2

I'm trying to use androidx.work:work-multiprocess:2.5.0 to run work in a process specified using Configuration.setDefaultProcessName(), but no matter which process I enqueue the work from, the doWork() method is called in main application process.

As stated in documentation RemoteWorkManager always reaches out to the designated process. The in-process scheduler also runs in the designated process.

My full test project is here: https://github.com/padreMateo88/multiprocessWorkManagerTest

I use the following dependencies:

implementation 'androidx.work:work-runtime-ktx:2.5.0'
implementation 'androidx.work:work-multiprocess:2.5.0'

I removed the default WorkManagerInitialiser in manifest:

<?xml version="1.0" encoding="utf-8"?>
<manifest xmlns:android="http://schemas.android.com/apk/res/android"
    xmlns:tools="http://schemas.android.com/tools"
    package="com.example.workmanagertest">

    <application
        android:name=".MyApplication"
        android:allowBackup="true"
        android:icon="@mipmap/ic_launcher"
        android:label="@string/app_name"
        android:roundIcon="@mipmap/ic_launcher_round"
        android:supportsRtl="true"
        android:theme="@style/AppTheme">

        <activity android:name=".MainActivity">
            <intent-filter>
                <action android:name="android.intent.action.MAIN" />
                <category android:name="android.intent.category.LAUNCHER" />
            </intent-filter>
        </activity>

        <receiver
            android:name="com.example.workmanagertest.SecondProcessBroadcastReceiver"
            android:process=":second_process" />

        <provider
            android:name="androidx.work.impl.WorkManagerInitializer"
            android:authorities="${applicationId}.workmanager-init"
            tools:node="remove" />
    </application>

</manifest>

implemented Configuration.Provider in Application class:

 class MyApplication : Application(), Configuration.Provider {
   
   override fun getWorkManagerConfiguration(): Configuration = WorkConfigurationProvider().get()
   
}

class WorkConfigurationProvider {
    fun get() = Configuration.Builder().setDefaultProcessName(processName).build()

    companion object {
        private const val processName = "com.example.workmanagertest:second_process"
    }
}

And use RemoteWorkManager.getInstance() to enqueue my work:

 class SampleWorker(context: Context, workerParams: WorkerParameters) : Worker(context, workerParams) {

    override fun doWork(): Result {
        Util.d(applicationContext, "SampleWorker.doWork()")
        return Result.success()
    }

    companion object {
        @JvmStatic
        fun enqueueWork(context: Context) {
            Util.d(context,"SampleWorker.enqueueWork()")
            try {
                val rwm = RemoteWorkManager.getInstance(context)
                Util.d(context,"RemoteWorkManager hash ${rwm.hashCode()}")
                rwm.enqueueUniqueWork(
                        "SampleWorker",
                        ExistingWorkPolicy.REPLACE,
                        OneTimeWorkRequest.from(SampleWorker::class.java)
                )
            } catch (ex: Throwable) {
                Util.d(context,"SampleWorker, WorkManager is not initialized properly, reason: " + ex.message)
            }
        }
    }
}

What am I doing wrong?

Mateusz Piotrowski
  • 83
  • 6
  • 1
    Is it mandatory to create an Application class?
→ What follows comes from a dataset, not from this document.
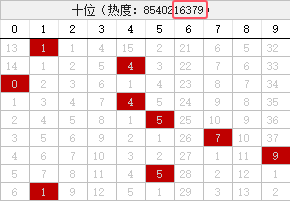 λֲͼʽ02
I want to implement WorkManager in a multi-process android library. – Rahul Patidar Mar 04 '21 at 10:57
  • @Rahul Patidar You can call _WorkManager.initialize(this, Configuration.Builder().setDefaultProcessName(processName).build())_ in _Application.onCreate()_ instead of implementing the _Configuration.Provider_ interface. I've tested it and it works fine.You could do it in an initialization method that the user of our library would call in _Application.onCreate()_ like e.g. _FirebaseApp.initializeApp()_, but you still have to impose your initialization of WorkManager on the app using your library. – Mateusz Piotrowski Mar 04 '21 at 16:09
  • Thanks for the reply @Mateusz Piotrowski, but my concern is that I can not create the Application class in my library. – Rahul Patidar Mar 05 '21 at 06:23
  • @Rahul Patidar yes, I understand this (I develop a multiprocess library myself, and I want to leave an option for the developer to extend e.g. _MultidexApplication_). Instead of creating an Application class in your library you can create an initialization method, that users of your library will call in their own _Application.onCreate()_ This is why I gave the exapmle of _FirebaseApp.initializeApp()_ another example is _Fabric.with()_. Alternatively you can do the initialization in a content provider. – Mateusz Piotrowski Mar 05 '21 at 11:22
  • Thanks. I Will vote up the que/answer. – Rahul Patidar Mar 08 '21 at 14:38

1 Answers1

3

In order for the doWork() method to be called in the designated process you also need to set the designated process name for RemoteWorkerManagerService and SystemJobService in your manifest:

<service
    android:name="androidx.work.multiprocess.RemoteWorkManagerService"
    tools:replace="android:process"
    android:process=":second_process"/>

<service
    android:name="androidx.work.impl.background.systemjob.SystemJobService"
    tools:replace="android:process"
    android:process=":second_process"/>

You can find a working example here: https://github.com/padreMateo88/multiprocessWorkManagerTest

This implementation is based on clues I got from Google Issue Tracker: https://issuetracker.google.com/issues/180255558

Mateusz Piotrowski
  • 83
  • 6